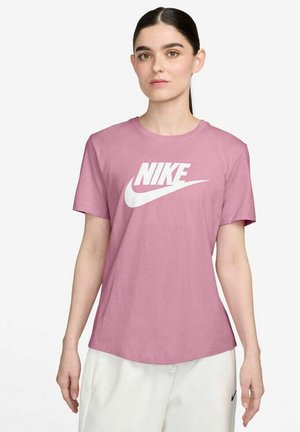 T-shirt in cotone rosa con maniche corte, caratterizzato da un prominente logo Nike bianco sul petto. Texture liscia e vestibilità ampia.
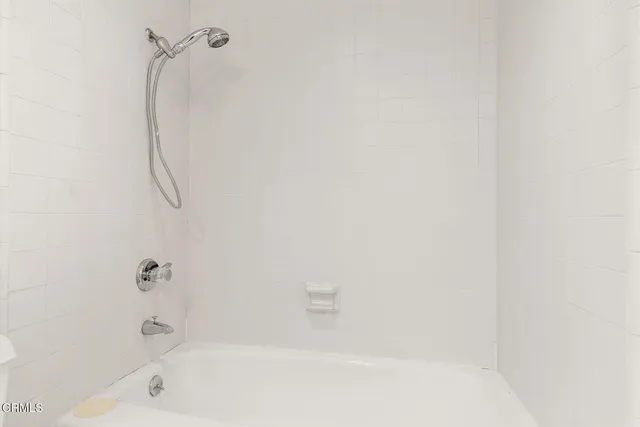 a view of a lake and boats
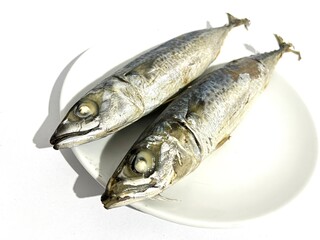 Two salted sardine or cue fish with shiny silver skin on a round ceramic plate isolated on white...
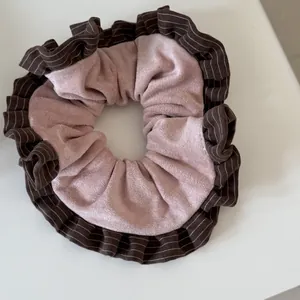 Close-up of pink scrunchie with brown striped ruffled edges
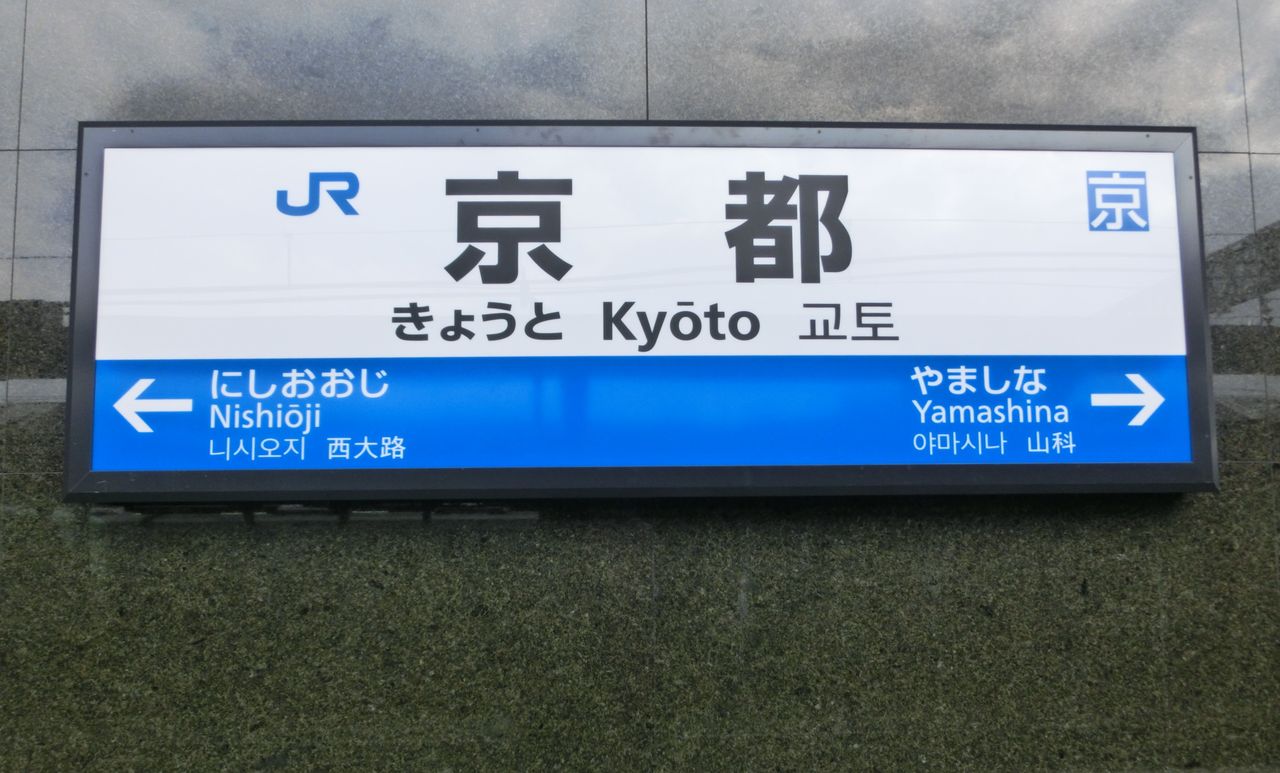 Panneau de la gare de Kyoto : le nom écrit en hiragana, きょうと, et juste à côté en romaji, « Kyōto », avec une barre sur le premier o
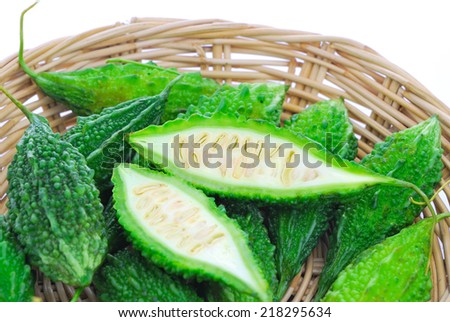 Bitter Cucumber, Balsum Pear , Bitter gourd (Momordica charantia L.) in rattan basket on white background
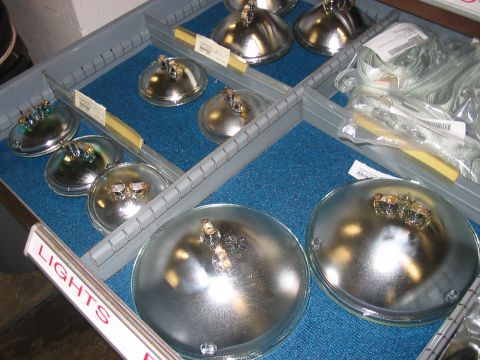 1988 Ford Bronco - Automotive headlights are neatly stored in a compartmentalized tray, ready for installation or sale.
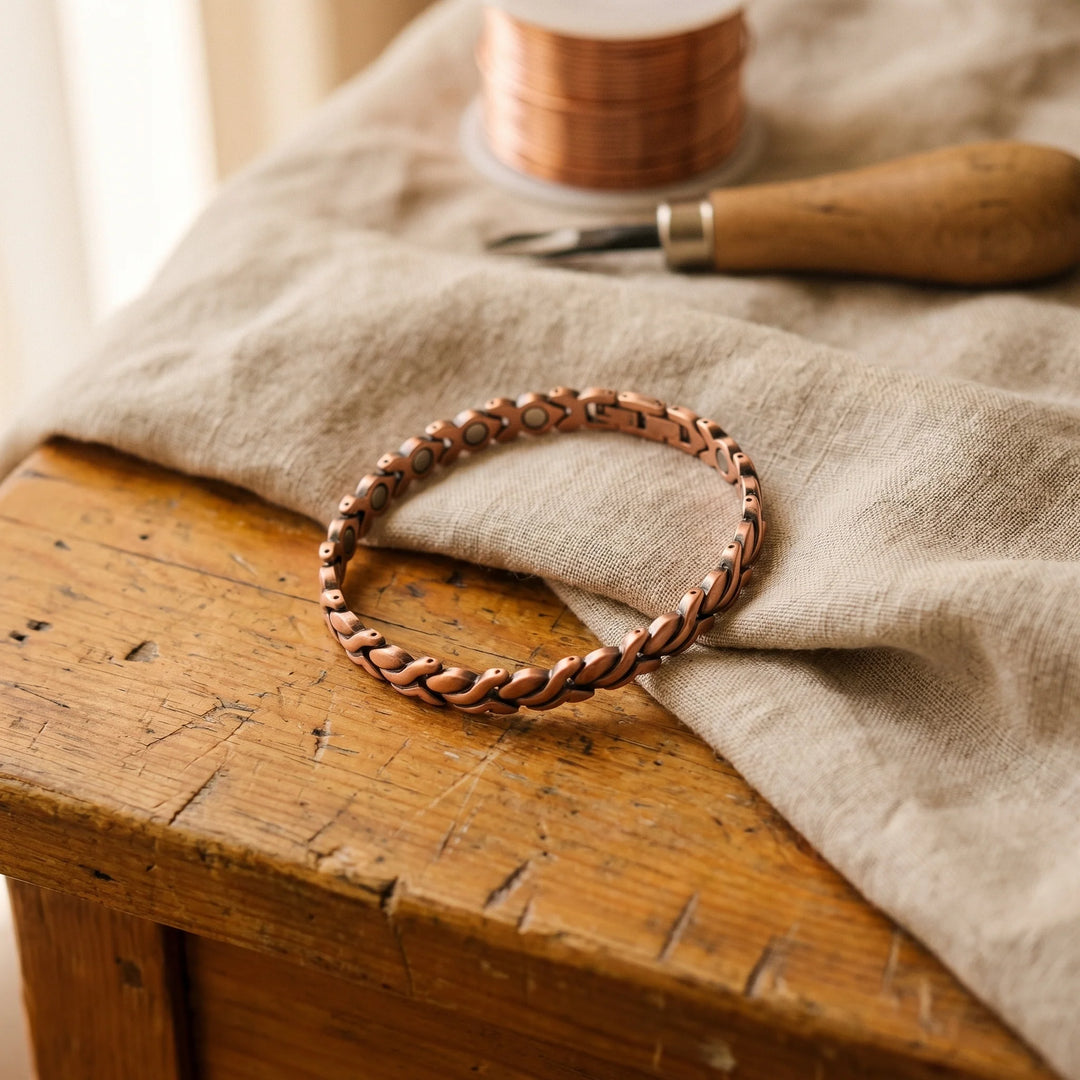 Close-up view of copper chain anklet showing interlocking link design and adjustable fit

+++

WHAT IS BEING ASKED => The lines to retype run from the one containing "a view of a lake and boats" through the last line of the records above; write them exactly and skip the pictures.

TASK OUTPUT =>
 a view of a lake and boats
 Two salted sardine or cue fish with shiny silver skin on a round ceramic plate isolated on white...
 Close-up of pink scrunchie with brown striped ruffled edges
 Panneau de la gare de Kyoto : le nom écrit en hiragana, きょうと, et juste à côté en romaji, « Kyōto », avec une barre sur le premier o
 Bitter Cucumber, Balsum Pear , Bitter gourd (Momordica charantia L.) in rattan basket on white background
 1988 Ford Bronco - Automotive headlights are neatly stored in a compartmentalized tray, ready for installation or sale.
 Close-up view of copper chain anklet showing interlocking link design and adjustable fit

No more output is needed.